MEDİNE MAMEDOĞLU / AMED
Amed’in Pasur (Kulp) ilçesi, son yıllarda baraj projeleri ve maden çalışmaları nedeniyle ekolojik yıkımla karşı karşıya. El değmemiş doğası, yeraltı suları ve verimli toprakları ile dikkat çeken ilçe, son iki yıldır şirketlerin hedefi haline geldi. Geliyê Goderne Vadisi, yapımı süren Silvan Barajı nedeniyle büyük ölçüde tahrip edilirken, şimdi de maden projeleriyle bölgenin yeraltı suları ve verimli toprakları risk altında.
Hesandin yaylasında yurttaşların mücadelesinin ardından 16 yıl önce verilen 'ÇED gerekli değildir' raporuna dayanarak maden aramak isteyen Kulp Madencilik Şirketi’ne red kararı verildi. Daha sonra bir başka şirket, Eylül 2023 tarihinde Kasor Havzası’nda bulunan Gavgas, Kuyê, Awdegês, Arqetîn ve Xuruç kırsal mahallelerini kapsayan bölgede maden çalışması başlatmak istedi. Ancak köylülerin direnişi sonrası kepçelerini köye sokamayan şirket geri adım attı.

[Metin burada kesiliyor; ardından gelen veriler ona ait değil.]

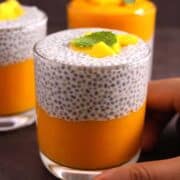 Mango Chia seeds Pudding recipe - vegan, gluten free, keto, paleo, whole30, weight watchers food, weight loss diet recipe, make ahead breakfast, dessert, mid day snack, protein packed, summer food recipe ideas, no cook recipe, chia seed pudding with almond milk, soy milk, full fat coconut milk, cashew milk, overnight pudding, tropical pudding, vegan breakfast, weight loss smoothie, pudding with yogurt, chia seed recipes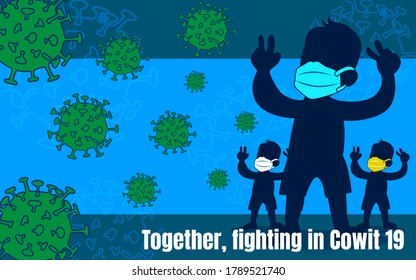 Social distancing concept people standing away to prevent COVID-19 coronavirus disease vector illustration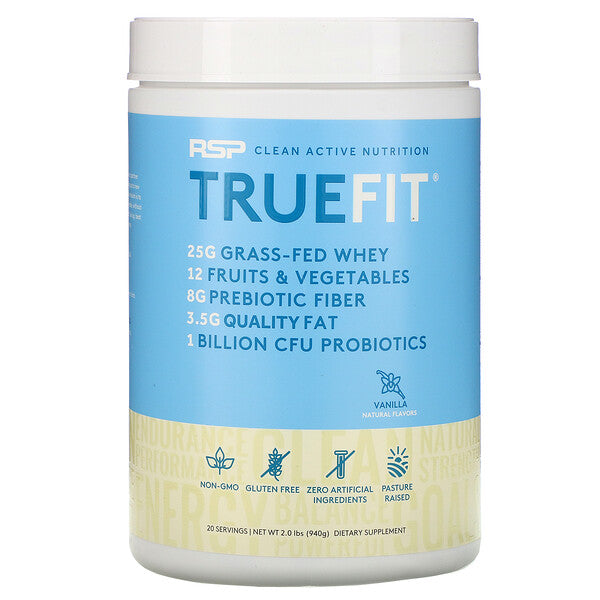 RSP Nutrition, TrueFit, Grass-Fed Whey Protein Shake, Vanilla, 2 lbs (940 g)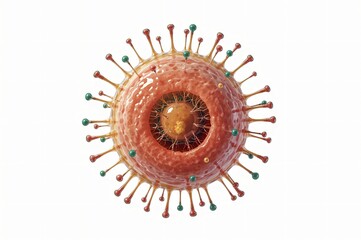Virus particle, microscopic view, 3D render, white background, medical illustration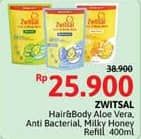 Promo Harga Zwitsal Natural Baby Bath 2 In 1 Aloe Vera, Antibacterial, Milk Honey, Milky Honey 400 ml - Alfamidi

Bu kez kış ayını fırsat bilen şirket, Gavgas Mahallesi’nde yeniden sondaj çalışmasına başladı. Köylüler, 20 Ocak’ta başlayan çalışmayı engellemek istediklerinde askerler ve korucular tarafından bölgeye girişleri engellendi. Gazetemize konuşan köylüler hem bölgenin boşaltılmak istendiğini hem de temiz suya erişimin tehlike altına girdiğine dikkat çektiler.
Askerler eşliğinde talan
Gavgas’ta yaşayan Emin Altun, köylülerle birlikte bölgeye gittiklerini ancak köy girişinde önce GBT aramasına maruz bırakıldıklarını, ardından asker barikatı ile karşı karşıya kaldıklarını dile getirdi. Askerler tarafından tehdit ve hakaretlere maruz kaldıklarını söyleyen Altun, “Doğamıza sahip çıkmak istediğimiz için suçlu ilan edildik. Köyümüzü korumak için mücadele ediyoruz. Ancak bu ülkede, bir insanın kendi yaşam alanına sahip çıkarak korumak istemesi hem engelleniyor hem de suç olarak görülüyor. Bizi sürekli devlete karşı durmakla, devletin çalışmalarını engellemekle itham ettiler. Sürekli tehdit ve hakaretlere maruz bırakıldık; yargı sopası ile tehdit edildik” dedi.